Para isso, prosseguiu, os EUA e a China já se mostraram dispostos a cooperar. “Obviamente não é um mistério que a China e os EUA têm muitas diferenças. Mas, no clima, a cooperação é a única maneira de nos libertarmos do pacto suicida atualmente em curso no mundo.”
No último domingo (18), na primeira visita a locais devastados pela tempestade que matou pelo menos 170 pessoas no oeste da Alemanha, a chanceler Angela Merkel reconheceu que o país precisa fazer mais: “Temos de ser mais rápidos na luta contra as alterações climáticas”, disse Merkel, que deve deixar o cargo em setembro.

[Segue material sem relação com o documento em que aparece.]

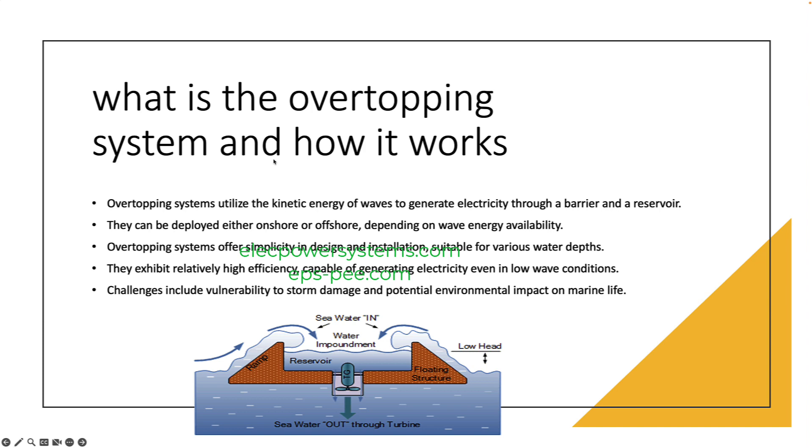Overtopping systems have several advantages over other types of WECs. They are relatively simple to design and build, and they can be installed in a variety of water depths. Overtopping systems are also relatively efficient, and they can generate electricity even in low wave conditions.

Ela comanda há quase 16 anos um país em que a participação das energias renováveis no consumo final bruto chegou a 19,6%, superando a meta para 2020 (18%). As emissões na Alemanha têm caído gradualmente desde a década de 1980, e a meta para 2030 determina redução de 65% em relação a 1990, com o objetivo de atingir a neutralidade em 2045, o que coloca o país à frente de muitos outros industrializados. Mas ainda é pouco. “As decisões políticas que estão sendo tomadas agora não se alinham com 1,5ºC, escreveu a ativista alemã Luisa Neubauer, do movimento Fridays For Future.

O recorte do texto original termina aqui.